Tuesday 23 October 2012

On shaky ground

Six Italian seismologists and a civil servant were sentenced to six years in prison yesterday for manslaughter. For failing to predict an earthquake. The L'Aquila quake in April of 2009 killed three hundred and nine people. Could the deaths have been prevented by totally evacuating the city? Probably, but that's not something happens often, even when seismologists advise it.

There was some confusion over governmental announcements in the lead up to the disaster. I wrote about this last year. The team established to assess the risk to the city felt that while there was a threat, the on-going series of smaller seismological events meant there was a smaller chance of a large earthquake. The public announcement of these findings was carried out by a non-geologist - a public official - who interpreted the findings as relatively positive, suggesting a big quake wasn't probable. The city was not evacuated. The earthquake happened and a lot of people died.

That does not mean the geologists were wrong. Just because it happened does not mean the earthquake was statistically likely to happen. So I found it both bizarre and horrifying that the team were charged with manslaughter. All the way along I presumed the international condemnation and ridicule would make someone, somewhere along the line see sense and ensure the matter was dropped. But no. The case went to trial, in a makeshift court beside the ruined city centre (for added dramatic effect?), and geologists were given six years for manslaughter. The unlawful killing of a human being without malice aforethought. Because their findings were not accurate they were judged to have killed 309 people. It's ridiculous and disgraceful. Who is likely to want to offer their opinion on the likelihood of seismic activity now?

Friday 19 October 2012

Just deserts

That global warming is currently happening should not be a matter for debate any more. It is happening, and the evidence for that, from many different observable factors, is conclusive. The extent to which human activity is influencing the speed of climate change is a legitimate subject, though. Is there a tipping point? Probably. Have we reached or passed it? We'll have to wait and see.

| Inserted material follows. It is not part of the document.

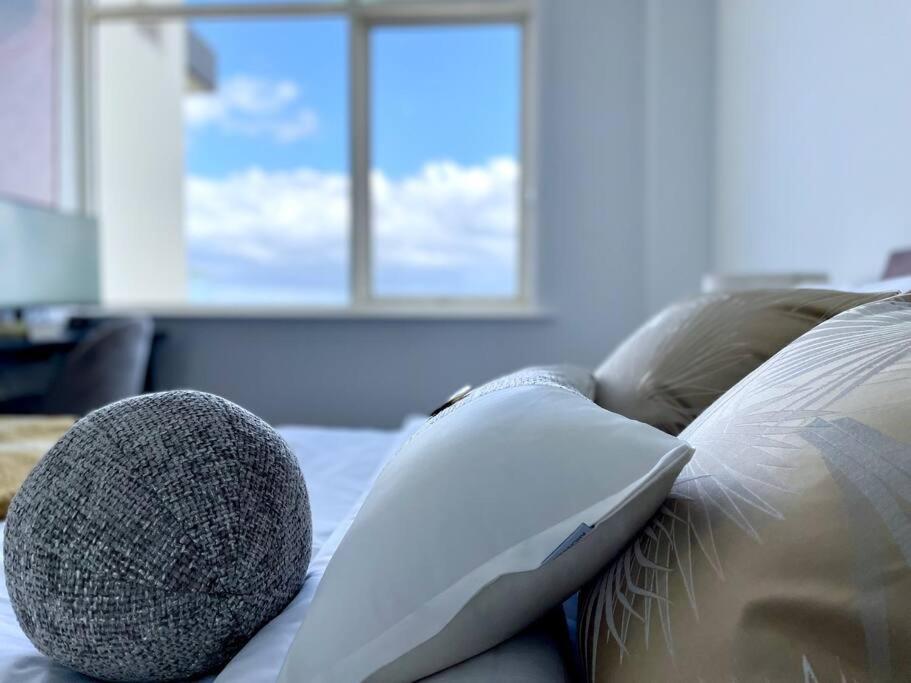 Amzing Ocean View Spacious Three Bedrooms Apartment Port Melbourne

How much of it is 'our fault'? Very difficult to gauge. How much can we do to slow or halt its effects? Personally, I don't know if we as a species are able to curb our excesses to the extent that we can have a dramatic positive effect. In the short period of time we've been 'civilised', we've grown accustomed to having things our own way, and that's a very difficult trend to reverse.

Climate change has happened regularly throughout the planet's long history, and we've only been here for the blink of an eye. A few hundred thousand years of self-awareness, and far, far less with any sense of our position within a wider biological system. But now we're able to have some idea of the timescales involved and look to the past to see what it can tell us about what may lie ahead. Humans have been through an Ice Age before. I'm sure it wasn't very nice, but we made it through without all having to be rescued by mammoths, sloths and sabretooths. Human society as it is now, though, has yet to experience such an all-encompassing meteorological event. We don't know what might happen and we're afraid.

Just to cheer you up, let's look at what happened at the start of the Triassic, 250 million years ago. The mass extinction at the end of the Permian - affectionately known as The Great Dying - had killed off almost everything and left the place looking fairly barren. Volcanoes were getting carried away, spewing lava, ash, smoke and grumpiness all over the planet, and plants - not normally heavily hit by extinction events - began to suffer. Once vegetation began to die off, the carbon dioxide levels rose and this caused temperatures to spiral, making things even worse. A recent study showed that around the equator during this long, hot summer the sea water was around 40°C, ten to fifteen degrees more than now. This the researchers describe as 'lethally hot', so it's probably a bad thing. The Earth in the Early Triassic was nasty. Hot, dry, sandy and empty. It was nice at the poles, apparently, though real estate value there has dipped somewhat since. It took a while - a few million years - for the planet's ecosystems to recover from these unfortunate circumstances. A few million years is a very, very long time to us, so an extinction and resultant greenhouse effect would be a difficult time for humans. If anyone asks if you want a global mass extinction event, say no. It'd be rubbish.